Land Rover LR4 / Range Rover Sport – 5.0L Engine – sudden brake power loss
Vehicle Details: 2011 Land Rover LR4 5.0L. Approx 80,000 miles.
- Sudden loss of braking power!
- Engine runs/idles fine. No Warning lights.
- Towed in
Pretty simple: brake inspection showed all four brakes good (brake pads / rotors / calipers). Brake master cylinder full of brake fluid and not brake fluid leaks in brake hydraulic system. Brake pedal very firm with very little pedal-travel. Test-drive (CAUTIOUSLY) demonstrated basic brakes working but NO power assist to brakes. Note that this vehicle uses a brake VACUUM power assist booster – a very traditional and wide-spread power brake system. Tracing the vacuum source line revealed a broken plastic fitting on the vacuum pump:
Further inspection showed that one of the engine drive belts had frayed and a sliver of it had broken off and (presumably) hit this plastic fitting and broken it – causing the vehicle to have a sudden loss of brake power assist.
NOTE – KEY to the problem is the location of the water pump belt in relationship to this vacuum pump’s fitting:
The drive belt that you see in the picture is the water pump and cooling fan belt. It is of more modern design in that it is a ‘stretch to fit’ belt – it has no tensioner assembly – it is self tensioning. Our opinion is that this belt failed and hit the vacuum pump fitting and broke it – causing sudden braking power loss.
The repair was straight-forward: replace the belt and the vacuum pump (the fitting is NOT available as a separate service part from Land Rover). Interestingly the vacuum pump was on national back-order through Land Rover USA and not available through aftermarket suppliers. Land Rover updated the vacuum pump part number (this usually means an update to the design) however when we received the replacement pump we were disappointed to see it still has a plastic fitting for the vacuum output.
Here’s the special tool used to help install the stretch belt. We suspect that the installation process can create abnormal strain and possibly premature wear/failure of the belt. This tool makes the job easier and reduces that risk.

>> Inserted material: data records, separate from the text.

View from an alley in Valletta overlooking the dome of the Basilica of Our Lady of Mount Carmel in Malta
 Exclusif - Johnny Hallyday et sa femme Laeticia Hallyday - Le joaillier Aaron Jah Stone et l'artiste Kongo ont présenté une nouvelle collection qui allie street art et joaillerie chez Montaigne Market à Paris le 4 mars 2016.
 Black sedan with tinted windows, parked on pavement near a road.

Here’s the new pump installed – NOTICE the proximity to the water pump belt:
Traditionally a brake vacuum booster is provided its vacuum by a large vacuum hose attached to the engine intake with a one-way check valve to preserve the vacuum. Some engines – notably Diesels – don’t produce vacuum and thus the design has to change to either an alternative vacuum boost or other power source. Some manufacturers have elected to use hydraulic pressures for this type of system with the most common being General Motor’s Hydraboost system – which taps power from the power steering pump. Other manufactures continue to use vacuum as the brake booster power source and add an auxiliary pump to produce the needed vacuum. As brake vacuum pumps were introduced the typical setup was to provide the brake vacuum boost system with two vacuum sources: a pump like this on AND engine vacuum. This Land Rover setup uses a vacuum pump exclusively and, unfortunately, the physical location and the decision to use plastics makes this engine and its vehicles susceptible to loss of brake power assist. Our advice to vehicle owners: be sure to service your belts before they fail. Our advice to the vehicle engineers out there: if you MUST use a design like this have a belt guard or more substantial materials to ensure a belt failure cannot cause braking power loss.